GIVEN DATA:
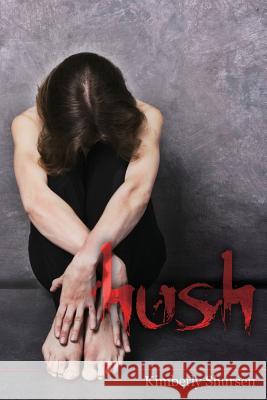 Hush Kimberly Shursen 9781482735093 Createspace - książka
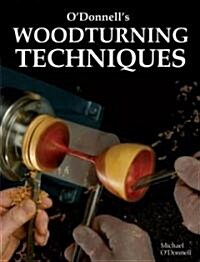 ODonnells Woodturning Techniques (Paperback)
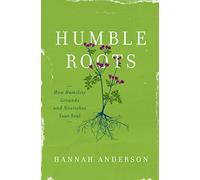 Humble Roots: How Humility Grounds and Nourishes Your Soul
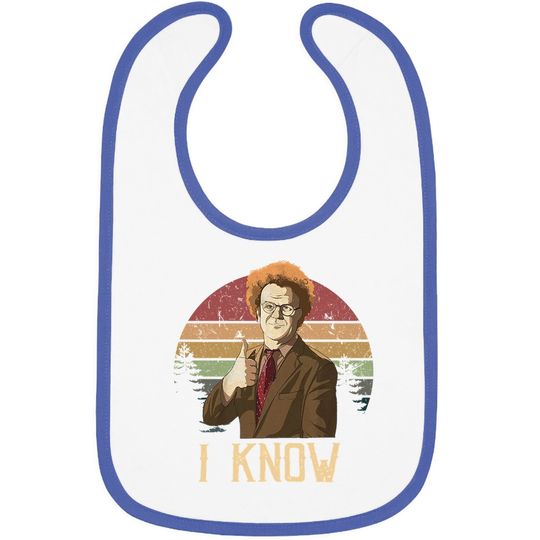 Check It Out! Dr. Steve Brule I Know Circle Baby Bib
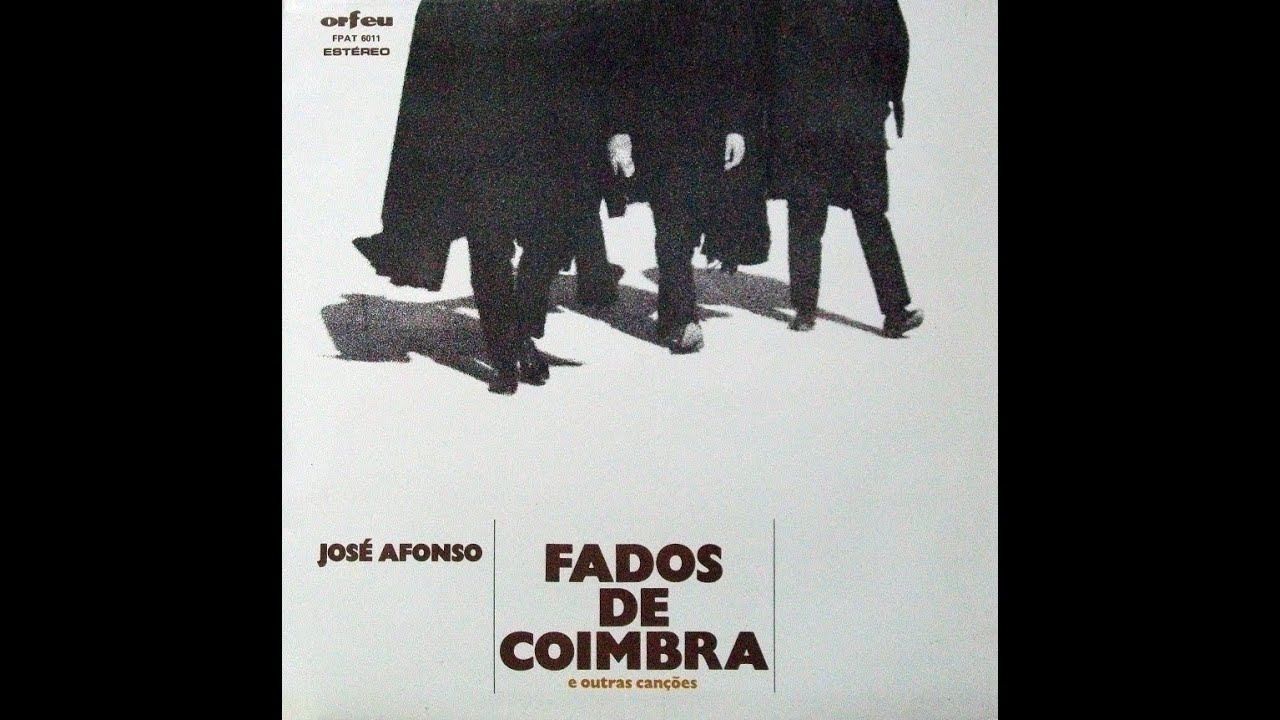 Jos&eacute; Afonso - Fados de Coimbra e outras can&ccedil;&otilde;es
---
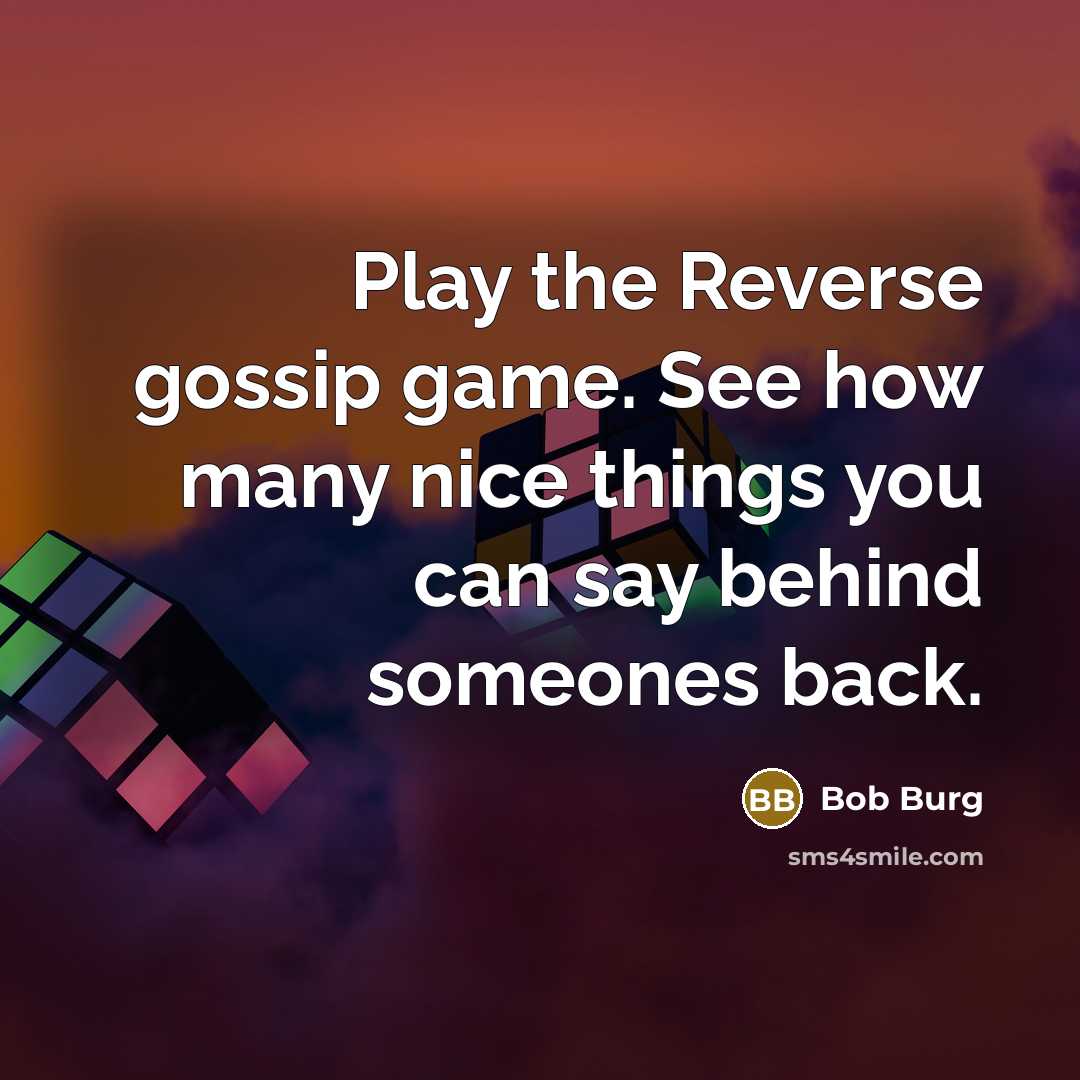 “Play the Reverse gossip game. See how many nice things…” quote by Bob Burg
...
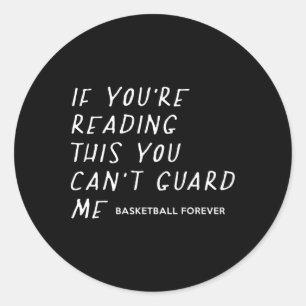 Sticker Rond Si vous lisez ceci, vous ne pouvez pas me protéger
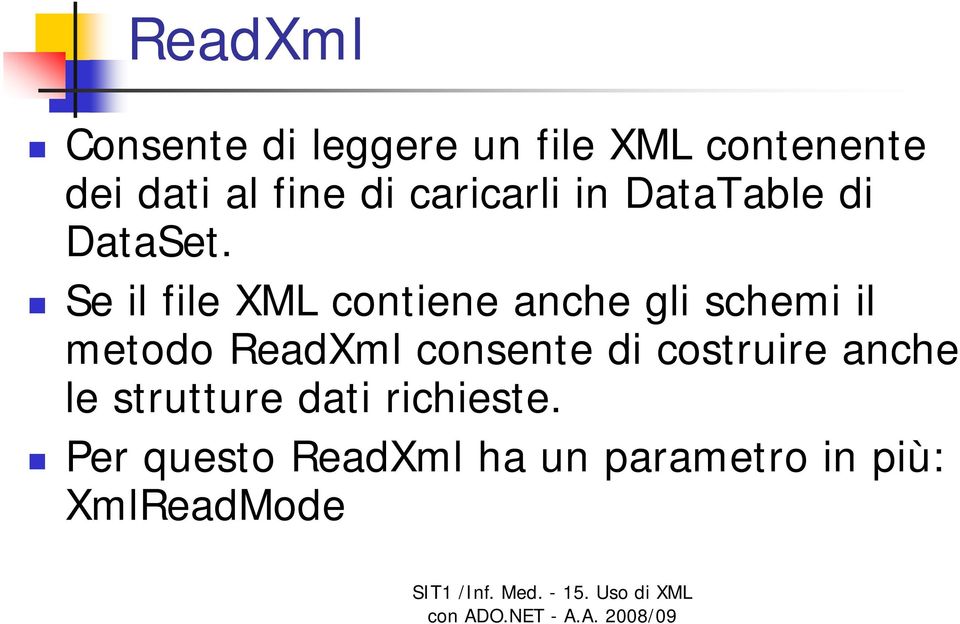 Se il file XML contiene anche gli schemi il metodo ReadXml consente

ACTION ITEM:
Start with the line above containing "Hush Kimberly Shursen" and end with the line containing "Jos&eacute; Afonso - Fados". Set down that stretch exactly, without any pictures.

REPLY TO THE TASK:
 Hush Kimberly Shursen 9781482735093 Createspace - książka
 ODonnells Woodturning Techniques (Paperback)
 Humble Roots: How Humility Grounds and Nourishes Your Soul
 Check It Out! Dr. Steve Brule I Know Circle Baby Bib
 Jos&eacute; Afonso - Fados de Coimbra e outras can&ccedil;&otilde;es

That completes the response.